Two studies reported changes in AST after treatment[14,17]. There was a decrease in AST level at 3 mo after cell transplantation (MD: -16.30 U/L; 95%CI: -22.52-(-10.08); P < 0.00001; Figure 4A) and after 6 mo (MD: -13.80 U/L; 95%CI: -17.98-(-9.61); P < 0.00001; Figure 4B). No heterogeneity was detected (P > 0.10, with I2 = 0). Three studies reported changes in ALT after cell transplantation[14,17,19]. Similarly, cell transplantation showed a lower ALT level at 3 mo (MD: -9.11 U/L; 95%CI: -16.35-(-1.88); P = 0.01; Figure 5A), but failed to show a consistent effect at 6 mo (MD: -9.60 U/L; 95%CI: -21.82-2.62; P = 0.12; Figure 5B). No heterogeneity was detected regarding ALT level at 3 mo (P = 0.22), but heterogeneity should be taken into consideration regarding ALT level at 6 mo (P = 0.06, with I2 =72%).

Figure 4.

Figure 4

Changes in aspartate transaminase level at 3 mo (A) and 6 mo (B) after autologous bone marrow transplantation.

Figure 5.

Figure 5

Changes in alanine transaminase level at 3 mo (A) and 6 mo (B) after autologous bone marrow transplantation.

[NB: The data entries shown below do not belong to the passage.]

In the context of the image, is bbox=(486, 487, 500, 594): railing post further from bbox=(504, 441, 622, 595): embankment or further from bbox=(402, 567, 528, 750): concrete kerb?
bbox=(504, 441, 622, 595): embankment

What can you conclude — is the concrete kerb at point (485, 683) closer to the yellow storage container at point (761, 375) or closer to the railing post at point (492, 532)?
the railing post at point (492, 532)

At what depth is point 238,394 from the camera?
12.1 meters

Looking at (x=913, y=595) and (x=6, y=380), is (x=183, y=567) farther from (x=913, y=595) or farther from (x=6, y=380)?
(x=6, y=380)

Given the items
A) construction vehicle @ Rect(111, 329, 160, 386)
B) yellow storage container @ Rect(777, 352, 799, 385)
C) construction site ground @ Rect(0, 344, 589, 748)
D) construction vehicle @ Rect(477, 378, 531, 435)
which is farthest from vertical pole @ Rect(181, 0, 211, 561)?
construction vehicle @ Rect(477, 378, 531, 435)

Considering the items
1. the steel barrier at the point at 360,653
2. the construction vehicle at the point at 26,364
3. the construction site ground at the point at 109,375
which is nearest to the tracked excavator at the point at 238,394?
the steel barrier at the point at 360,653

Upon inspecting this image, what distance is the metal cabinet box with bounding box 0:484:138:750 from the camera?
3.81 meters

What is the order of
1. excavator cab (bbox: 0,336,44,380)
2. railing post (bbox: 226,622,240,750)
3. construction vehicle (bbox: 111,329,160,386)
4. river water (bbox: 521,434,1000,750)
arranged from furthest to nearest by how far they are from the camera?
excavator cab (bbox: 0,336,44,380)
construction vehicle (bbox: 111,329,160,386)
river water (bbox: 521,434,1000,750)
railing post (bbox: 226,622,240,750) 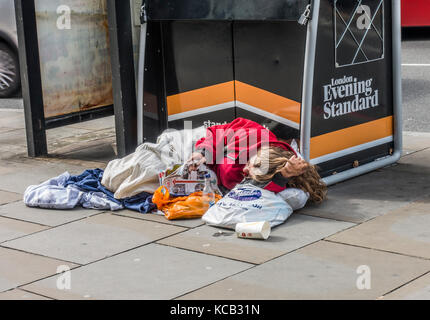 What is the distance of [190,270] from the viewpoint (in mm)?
4543

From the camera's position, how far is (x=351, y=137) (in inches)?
256

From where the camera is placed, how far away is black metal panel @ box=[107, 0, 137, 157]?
680 cm

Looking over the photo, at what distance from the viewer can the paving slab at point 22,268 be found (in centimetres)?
446

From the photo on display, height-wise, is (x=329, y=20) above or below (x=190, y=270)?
above

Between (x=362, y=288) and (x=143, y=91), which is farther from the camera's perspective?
(x=143, y=91)

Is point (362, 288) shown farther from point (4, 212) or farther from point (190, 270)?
point (4, 212)

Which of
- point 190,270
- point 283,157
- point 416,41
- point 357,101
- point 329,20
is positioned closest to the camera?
point 190,270

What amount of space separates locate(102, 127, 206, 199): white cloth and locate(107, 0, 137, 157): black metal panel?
0.69 meters

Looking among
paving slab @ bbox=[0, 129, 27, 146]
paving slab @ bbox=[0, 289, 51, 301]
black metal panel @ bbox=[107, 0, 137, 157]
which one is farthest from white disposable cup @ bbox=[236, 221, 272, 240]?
paving slab @ bbox=[0, 129, 27, 146]

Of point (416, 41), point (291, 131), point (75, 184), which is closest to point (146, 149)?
point (75, 184)

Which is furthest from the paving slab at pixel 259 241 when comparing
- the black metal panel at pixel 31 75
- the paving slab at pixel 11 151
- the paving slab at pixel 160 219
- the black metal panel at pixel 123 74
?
the paving slab at pixel 11 151

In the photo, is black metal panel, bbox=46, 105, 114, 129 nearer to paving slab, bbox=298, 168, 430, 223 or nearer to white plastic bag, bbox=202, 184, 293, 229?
white plastic bag, bbox=202, 184, 293, 229

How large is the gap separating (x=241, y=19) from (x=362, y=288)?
2.68 metres

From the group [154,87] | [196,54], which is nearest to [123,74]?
[154,87] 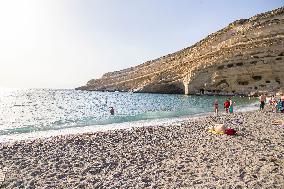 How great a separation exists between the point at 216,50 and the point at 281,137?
7547cm

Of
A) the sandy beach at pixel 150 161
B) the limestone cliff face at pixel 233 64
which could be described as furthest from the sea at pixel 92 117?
the limestone cliff face at pixel 233 64

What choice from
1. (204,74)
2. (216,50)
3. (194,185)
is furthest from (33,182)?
(216,50)

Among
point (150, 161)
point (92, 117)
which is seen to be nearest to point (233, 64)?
point (92, 117)

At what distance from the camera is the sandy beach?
11.2 meters

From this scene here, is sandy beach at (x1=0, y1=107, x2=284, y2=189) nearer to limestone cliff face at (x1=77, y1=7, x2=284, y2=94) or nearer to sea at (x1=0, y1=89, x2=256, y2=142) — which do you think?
sea at (x1=0, y1=89, x2=256, y2=142)

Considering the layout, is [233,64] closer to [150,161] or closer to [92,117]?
[92,117]

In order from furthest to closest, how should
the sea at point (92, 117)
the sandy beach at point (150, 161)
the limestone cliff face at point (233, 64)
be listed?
1. the limestone cliff face at point (233, 64)
2. the sea at point (92, 117)
3. the sandy beach at point (150, 161)

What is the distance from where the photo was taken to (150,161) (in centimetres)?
1392

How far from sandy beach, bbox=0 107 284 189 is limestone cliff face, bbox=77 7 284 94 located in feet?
198

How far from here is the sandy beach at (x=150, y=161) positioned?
11203mm

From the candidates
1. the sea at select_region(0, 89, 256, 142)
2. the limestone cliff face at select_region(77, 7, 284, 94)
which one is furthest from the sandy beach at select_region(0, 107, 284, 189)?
the limestone cliff face at select_region(77, 7, 284, 94)

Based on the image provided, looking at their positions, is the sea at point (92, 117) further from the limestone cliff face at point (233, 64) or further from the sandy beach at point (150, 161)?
the limestone cliff face at point (233, 64)

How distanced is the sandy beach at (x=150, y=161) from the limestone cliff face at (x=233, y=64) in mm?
60397

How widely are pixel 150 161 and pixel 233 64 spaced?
233ft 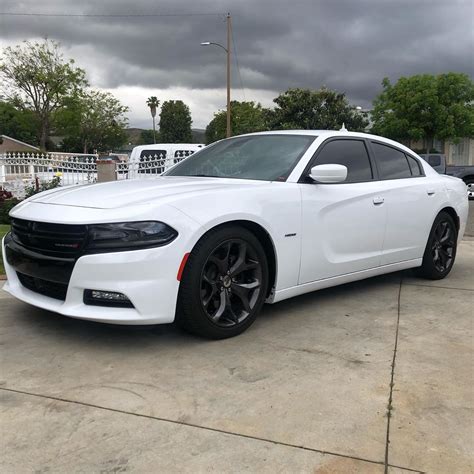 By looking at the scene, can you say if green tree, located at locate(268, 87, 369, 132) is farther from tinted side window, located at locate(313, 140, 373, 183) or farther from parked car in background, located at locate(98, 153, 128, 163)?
tinted side window, located at locate(313, 140, 373, 183)

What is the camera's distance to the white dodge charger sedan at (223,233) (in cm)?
317

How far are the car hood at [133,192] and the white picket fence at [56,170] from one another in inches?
336

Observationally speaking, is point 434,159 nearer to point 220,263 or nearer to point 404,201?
point 404,201

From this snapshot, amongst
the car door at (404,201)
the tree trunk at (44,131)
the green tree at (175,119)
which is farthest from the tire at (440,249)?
the green tree at (175,119)

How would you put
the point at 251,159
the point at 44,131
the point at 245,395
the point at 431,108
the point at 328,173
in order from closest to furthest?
the point at 245,395, the point at 328,173, the point at 251,159, the point at 431,108, the point at 44,131

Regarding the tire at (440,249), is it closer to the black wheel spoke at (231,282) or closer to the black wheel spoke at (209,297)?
the black wheel spoke at (231,282)

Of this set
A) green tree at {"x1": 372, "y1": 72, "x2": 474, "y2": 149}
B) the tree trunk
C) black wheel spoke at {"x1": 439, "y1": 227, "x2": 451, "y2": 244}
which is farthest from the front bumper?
the tree trunk

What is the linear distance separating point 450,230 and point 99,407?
430 cm

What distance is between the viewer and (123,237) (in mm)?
3166

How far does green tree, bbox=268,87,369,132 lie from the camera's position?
1430 inches

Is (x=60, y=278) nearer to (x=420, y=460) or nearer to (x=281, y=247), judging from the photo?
(x=281, y=247)

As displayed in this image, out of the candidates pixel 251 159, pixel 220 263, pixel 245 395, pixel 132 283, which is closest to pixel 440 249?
pixel 251 159

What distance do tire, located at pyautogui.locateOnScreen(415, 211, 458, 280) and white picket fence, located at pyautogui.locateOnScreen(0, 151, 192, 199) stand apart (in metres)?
7.92

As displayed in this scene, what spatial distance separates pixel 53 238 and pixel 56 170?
1050 centimetres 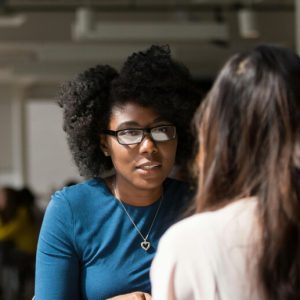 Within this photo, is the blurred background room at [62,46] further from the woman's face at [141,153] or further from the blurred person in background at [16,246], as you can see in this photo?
the woman's face at [141,153]

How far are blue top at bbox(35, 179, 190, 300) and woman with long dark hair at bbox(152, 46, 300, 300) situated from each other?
0.51 meters

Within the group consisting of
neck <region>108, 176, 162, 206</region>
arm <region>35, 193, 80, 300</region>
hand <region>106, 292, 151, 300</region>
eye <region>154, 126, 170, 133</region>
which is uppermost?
eye <region>154, 126, 170, 133</region>

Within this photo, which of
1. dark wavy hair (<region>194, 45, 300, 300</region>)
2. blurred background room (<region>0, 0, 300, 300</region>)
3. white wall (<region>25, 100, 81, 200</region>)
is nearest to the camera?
dark wavy hair (<region>194, 45, 300, 300</region>)

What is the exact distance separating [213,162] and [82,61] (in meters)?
9.33

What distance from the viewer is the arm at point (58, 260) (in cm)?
190

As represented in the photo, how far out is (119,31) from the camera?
7355mm

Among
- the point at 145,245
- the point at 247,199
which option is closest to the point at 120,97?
the point at 145,245

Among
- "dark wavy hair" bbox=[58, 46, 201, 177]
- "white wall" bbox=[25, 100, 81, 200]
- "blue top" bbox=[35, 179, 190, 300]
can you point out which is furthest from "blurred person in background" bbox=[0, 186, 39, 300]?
"white wall" bbox=[25, 100, 81, 200]

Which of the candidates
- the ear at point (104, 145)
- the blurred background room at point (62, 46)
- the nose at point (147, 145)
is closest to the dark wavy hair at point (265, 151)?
the nose at point (147, 145)

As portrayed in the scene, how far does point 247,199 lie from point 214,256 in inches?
4.9

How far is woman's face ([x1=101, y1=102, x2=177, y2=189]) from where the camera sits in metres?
1.95

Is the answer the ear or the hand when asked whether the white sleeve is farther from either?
the ear

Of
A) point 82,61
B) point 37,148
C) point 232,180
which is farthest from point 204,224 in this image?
point 37,148

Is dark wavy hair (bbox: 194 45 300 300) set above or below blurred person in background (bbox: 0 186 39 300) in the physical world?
above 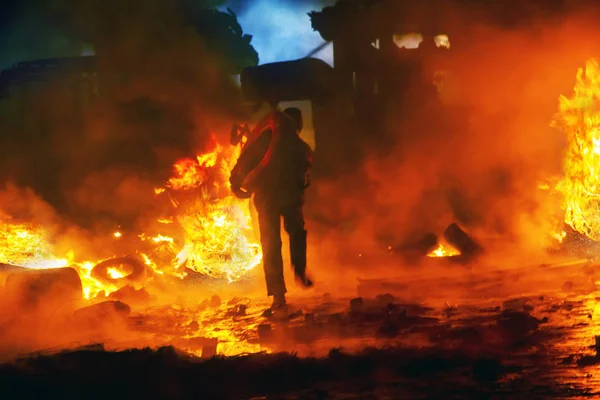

MELD score was reported by two to four studies, depending on the time point assessed[2,15,19,20]. Meta-analysis did not show any difference within 12 mo of treatment (Figure 6A-D). Two studies reported that Child-Pugh score could be incorporated into the meta-analysis[2,19]. No significant difference was detected at up to 1 year after treatment (Figure 7A-C).

Figure 6.

Figure 6

Changes in model for end-stage liver disease score at 1 mo (A), 3 mo (B), 6 mo (C), and 12 mo (D) after autologous bone marrow transplantation.

Figure 7.

Figure 7

Changes in Child-Pugh score at 3 mo (A), 6 mo (B), and 12 mo (C) after autologous bone marrow transplantation.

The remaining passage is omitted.